Please return every line below that contains the string "different".

**** Information supplied ****

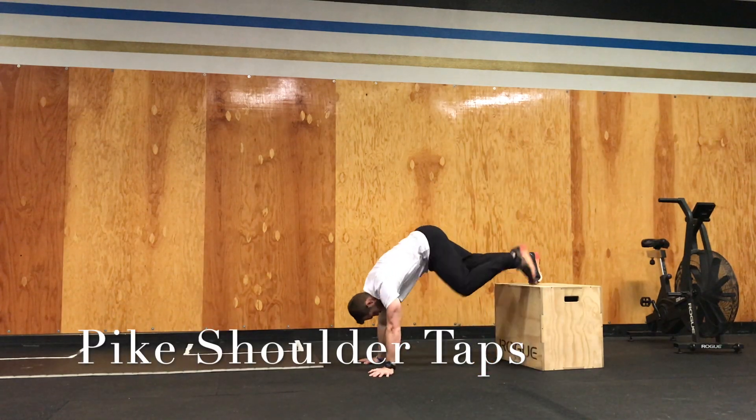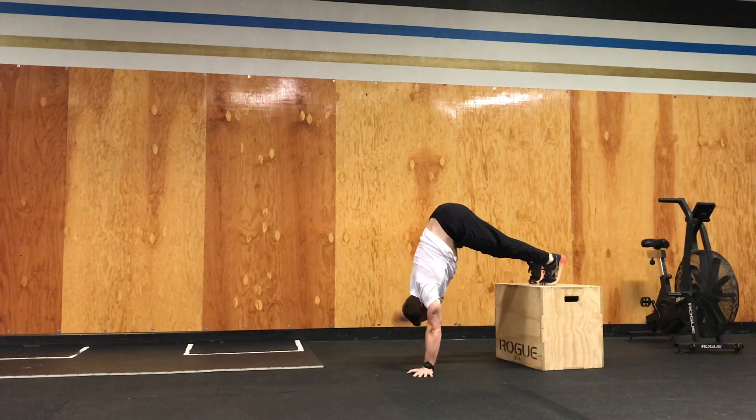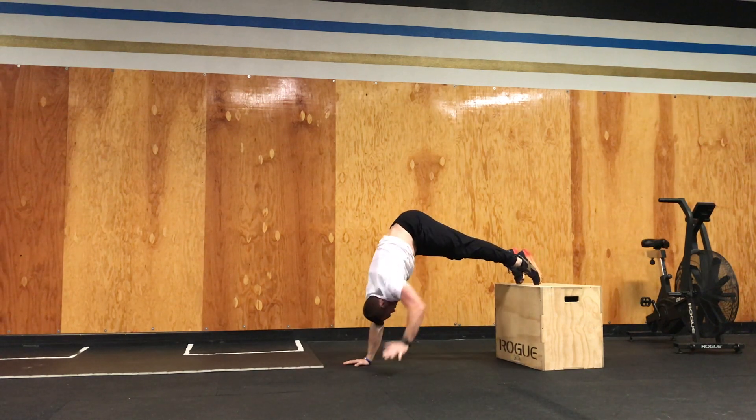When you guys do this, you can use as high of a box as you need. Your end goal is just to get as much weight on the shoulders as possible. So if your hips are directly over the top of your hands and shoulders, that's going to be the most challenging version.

****
**** Information supplied ****

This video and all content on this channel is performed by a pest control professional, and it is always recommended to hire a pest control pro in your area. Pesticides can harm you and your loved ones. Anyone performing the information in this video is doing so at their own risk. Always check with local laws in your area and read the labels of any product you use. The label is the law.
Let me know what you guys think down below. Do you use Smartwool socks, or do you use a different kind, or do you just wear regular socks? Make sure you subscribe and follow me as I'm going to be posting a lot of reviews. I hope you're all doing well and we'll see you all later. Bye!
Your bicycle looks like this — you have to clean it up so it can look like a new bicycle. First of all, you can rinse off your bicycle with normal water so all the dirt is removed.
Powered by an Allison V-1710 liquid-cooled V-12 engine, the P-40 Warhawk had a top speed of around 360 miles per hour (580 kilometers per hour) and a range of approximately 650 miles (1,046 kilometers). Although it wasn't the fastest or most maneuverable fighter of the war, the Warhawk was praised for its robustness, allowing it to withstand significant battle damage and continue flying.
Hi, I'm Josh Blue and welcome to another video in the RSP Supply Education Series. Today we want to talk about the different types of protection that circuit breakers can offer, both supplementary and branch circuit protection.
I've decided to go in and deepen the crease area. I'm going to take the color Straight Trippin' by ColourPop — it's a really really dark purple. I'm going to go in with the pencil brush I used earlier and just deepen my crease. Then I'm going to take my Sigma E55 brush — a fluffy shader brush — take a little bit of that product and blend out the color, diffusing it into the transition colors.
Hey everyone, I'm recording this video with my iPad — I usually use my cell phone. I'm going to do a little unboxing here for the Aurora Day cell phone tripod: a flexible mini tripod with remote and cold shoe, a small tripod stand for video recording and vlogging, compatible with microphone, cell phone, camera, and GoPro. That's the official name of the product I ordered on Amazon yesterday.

****

— Written response —
Let me know what you guys think down below. Do you use Smartwool socks, or do you use a different kind, or do you just wear regular socks? Make sure you subscribe and follow me as I'm going to be posting a lot of reviews. I hope you're all doing well and we'll see you all later. Bye!
Hi, I'm Josh Blue and welcome to another video in the RSP Supply Education Series. Today we want to talk about the different types of protection that circuit breakers can offer, both supplementary and branch circuit protection.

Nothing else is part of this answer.